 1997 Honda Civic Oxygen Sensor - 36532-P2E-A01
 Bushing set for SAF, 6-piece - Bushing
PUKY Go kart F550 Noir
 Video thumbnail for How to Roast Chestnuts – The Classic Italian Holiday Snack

== == ==

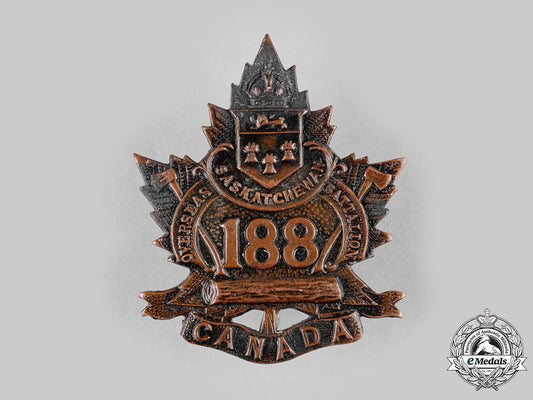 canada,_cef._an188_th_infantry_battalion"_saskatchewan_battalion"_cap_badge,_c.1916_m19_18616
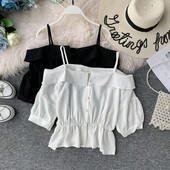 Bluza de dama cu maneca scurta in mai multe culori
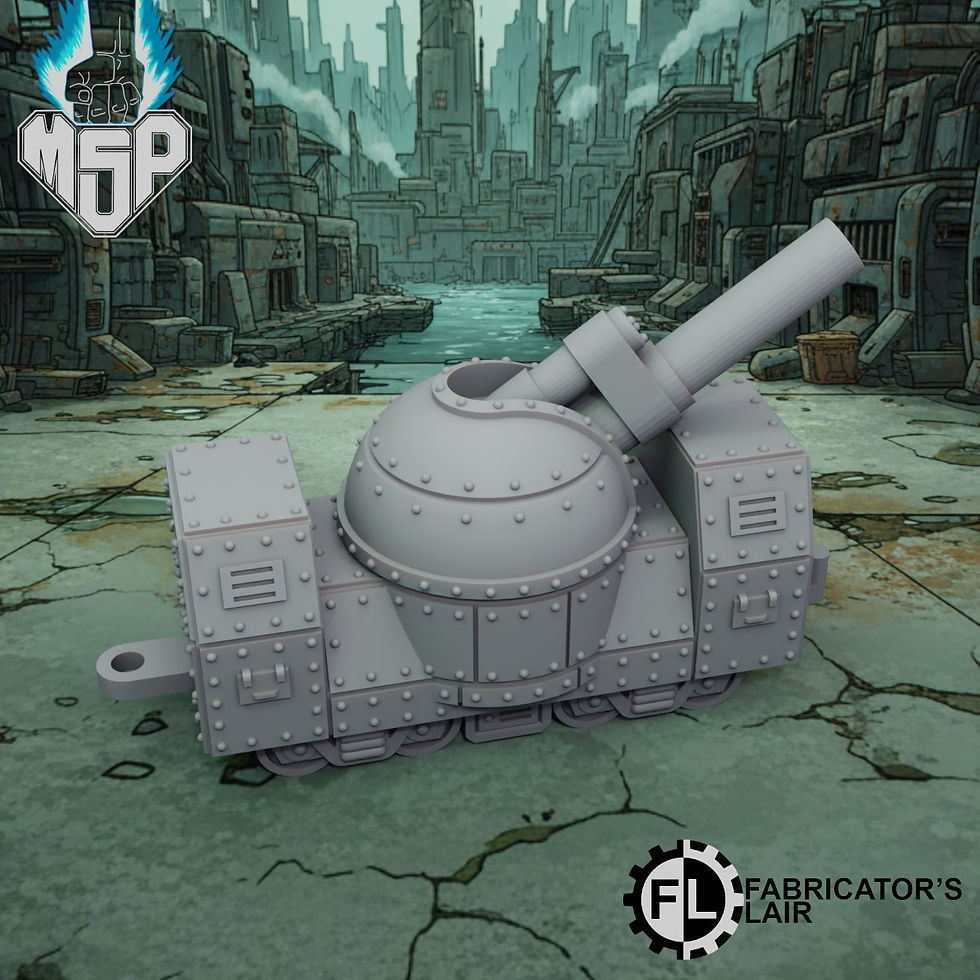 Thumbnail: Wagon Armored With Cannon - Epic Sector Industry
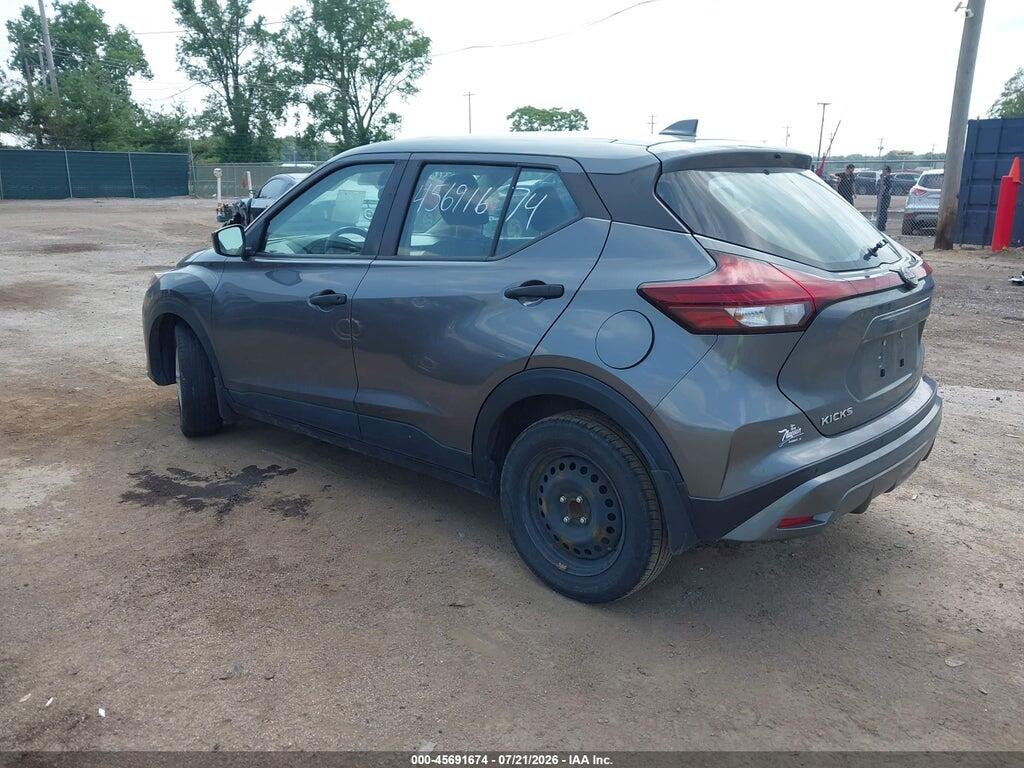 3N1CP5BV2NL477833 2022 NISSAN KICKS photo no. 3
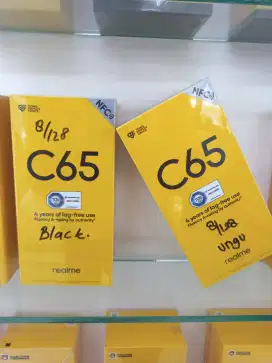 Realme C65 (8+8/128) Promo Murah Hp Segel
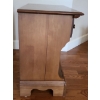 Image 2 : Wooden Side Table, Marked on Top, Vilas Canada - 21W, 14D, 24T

== == ==

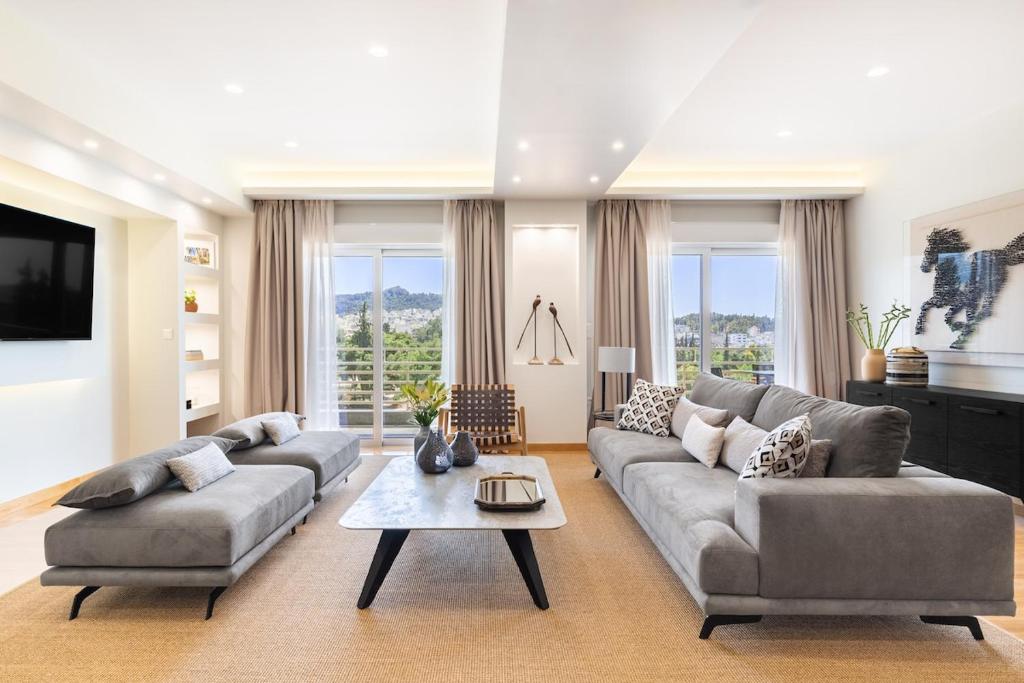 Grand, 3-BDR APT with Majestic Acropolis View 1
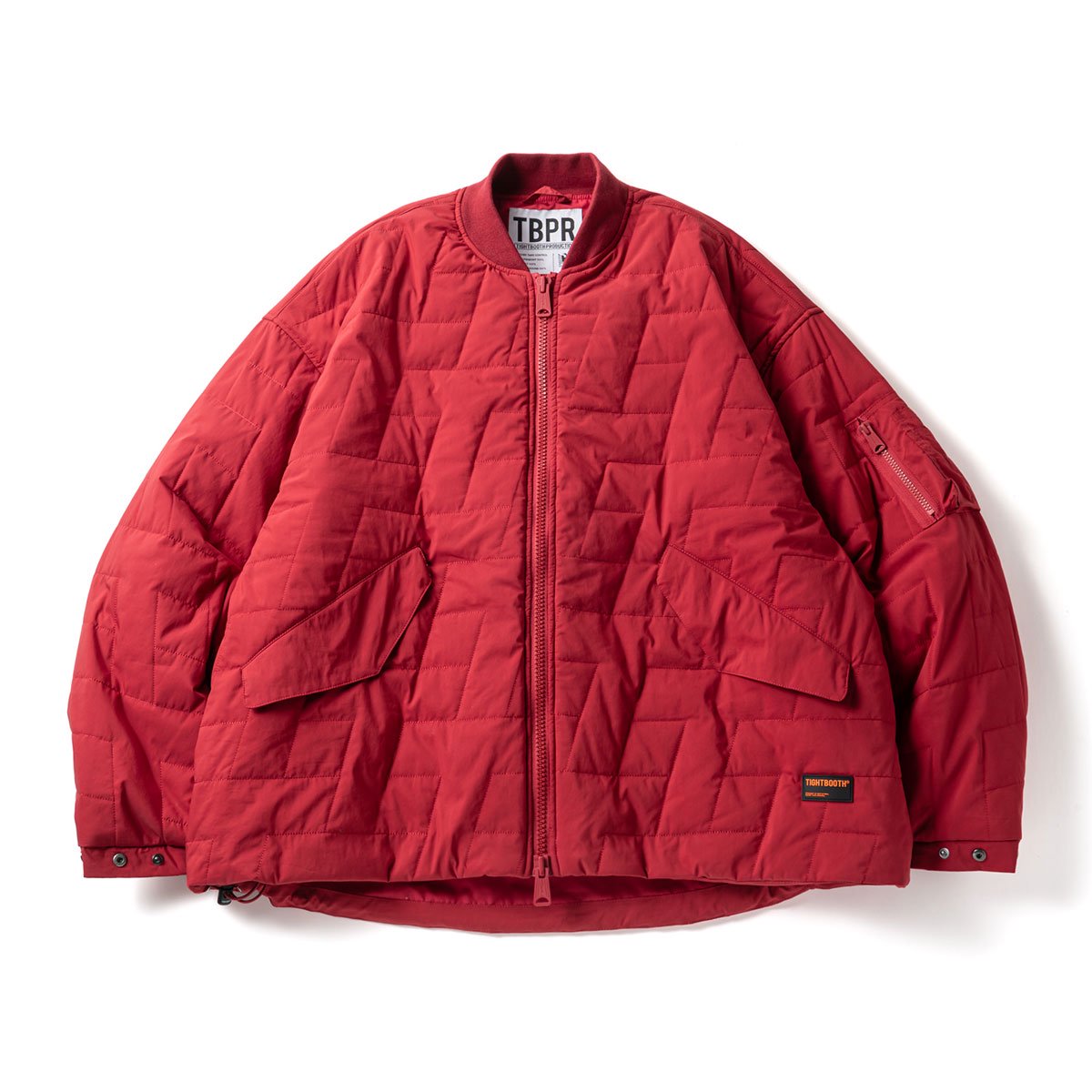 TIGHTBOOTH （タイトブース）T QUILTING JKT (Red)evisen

== == ==

# PROBLEM DETAILS:
Would you please copy, word for word, everything above from the line containing "Bushing set for SAF, 6-piece - Bushing" down to the line containing "Video thumbnail for", those two lines included?

# ANSWER AREA:
 Bushing set for SAF, 6-piece - Bushing
PUKY Go kart F550 Noir
 Video thumbnail for How to Roast Chestnuts – The Classic Italian Holiday Snack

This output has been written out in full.